- **Requirement**
Your job with the data below is to output exactly the lines from the one holding "Us Pride Furniture" down to the one holding "5pcs H12.0 Hex", both included, and no others.

- **Working data**
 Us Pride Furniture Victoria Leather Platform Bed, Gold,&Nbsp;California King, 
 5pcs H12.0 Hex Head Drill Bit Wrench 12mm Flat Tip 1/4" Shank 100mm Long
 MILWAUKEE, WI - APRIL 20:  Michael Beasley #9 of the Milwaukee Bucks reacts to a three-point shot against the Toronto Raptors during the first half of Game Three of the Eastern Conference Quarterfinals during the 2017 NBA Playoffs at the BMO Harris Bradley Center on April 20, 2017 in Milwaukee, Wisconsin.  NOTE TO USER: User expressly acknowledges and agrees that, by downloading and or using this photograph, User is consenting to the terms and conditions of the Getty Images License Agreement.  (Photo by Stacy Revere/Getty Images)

---

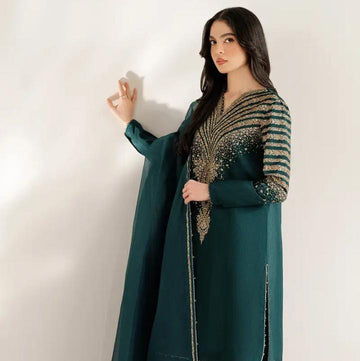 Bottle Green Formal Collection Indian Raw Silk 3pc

--

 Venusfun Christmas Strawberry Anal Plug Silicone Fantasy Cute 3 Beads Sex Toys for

- **Answer section**
 Us Pride Furniture Victoria Leather Platform Bed, Gold,&Nbsp;California King, 
 5pcs H12.0 Hex Head Drill Bit Wrench 12mm Flat Tip 1/4" Shank 100mm Long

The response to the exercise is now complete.